Option 2: Through the Asset Details Page
There are two ways to start a Data Quality Policy from the Asset Details page:
Overview Tab
- Open the dataset in the Asset Details page.
- In the Overview tab, click the Actions button and select Add Data Quality Policy.
Policies Tab
- Navigate to the Policies tab in the Asset Details page.
- Click Add Policy or use the Actions button, then select Data Quality.
In both cases, the Create Data Quality Policy page opens for configuration.
2. Configure Data Selection
Before defining rules, ADOC must know which part of the dataset needs to be evaluated. There are two ways to select data:
1. Column-Based Selection
- Select one or more columns directly from the dataset.
- ADOC will apply rules only to these selected columns.
- Best for simple checks or when you only need to monitor specific fields.
2. SQL-Based Selection
Enter a custom SQL query to define the data subset.
Use the placeholders:
{{{lower_bound}}}: replaced with the starting value for incremental or selective runs.{{{upper_bound}}}: replaced with the ending value for incremental or selective runs.
Click Validate to check that your query is correct before proceeding.
- If using Native SQL (checkbox unchecked), follow the syntax of your underlying data platform (Snowflake, BigQuery, etc.), which may differ from Spark SQL.
- Some incremental features require that the column being incremented is included in the query’s SELECT statement.
- Older Dataplane versions may not support placeholders in SQL; upgrade to ADOC v4.3.0 or later if needed.
3. Choose Execution Engine
- Spark (default): Runs jobs in ADOC’s Spark engine. Good for standard profiling and complex rule execution.
- Pushdown: Lets queries run directly on the data source, reducing data movement.
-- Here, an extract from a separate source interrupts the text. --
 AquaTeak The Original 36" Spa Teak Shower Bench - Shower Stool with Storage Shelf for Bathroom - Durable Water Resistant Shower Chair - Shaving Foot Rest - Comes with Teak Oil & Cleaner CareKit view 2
Best for very large datasets.
- Some incremental or advanced options (like certain segment selections) are only available depending on the data engine selected.
- If Pushdown is selected, persistence of records and some Spark job settings are disabled.
Example
- Column-Based: Monitor
customer_emailfor null values. - SQL-Based:
SELECT customer_id, email, signup_date FROM customers WHERE signup_date >= {{{lower_bound}}} AND signup_date < {{{upper_bound}}}
Real-world Use Case
Scenario: Your sales reporting dashboard is showing incorrect revenue figures. After investigation, you discover that the sales data contains future dates in the transaction date column, causing inaccurate monthly aggregations.
Solution: Create a Data Quality policy with a range check rule to ensure all transaction dates are between the earliest valid date and today's date, preventing future dates from entering your analytics pipeline.
Step-by-step Guide
Step 1: Configure your data source
- Navigate to the asset you want to monitor (e.g., your sales transactions table)
- Click the Actions button and select Create Policy
- Choose Data Quality Policy
- Select your execution engine:
- Spark Engine: Best for complex transformations and when you need to persist good/bad records
- Pushdown Engine: Faster for simple checks, processes data directly in your source database
Step 2: Select and filter your data
- Standard selection: Choose your table directly
- Custom SQL: Write custom queries if you need to join tables or apply complex filters
- Apply filters: Narrow down data (e.g., only check records from the last 7 days)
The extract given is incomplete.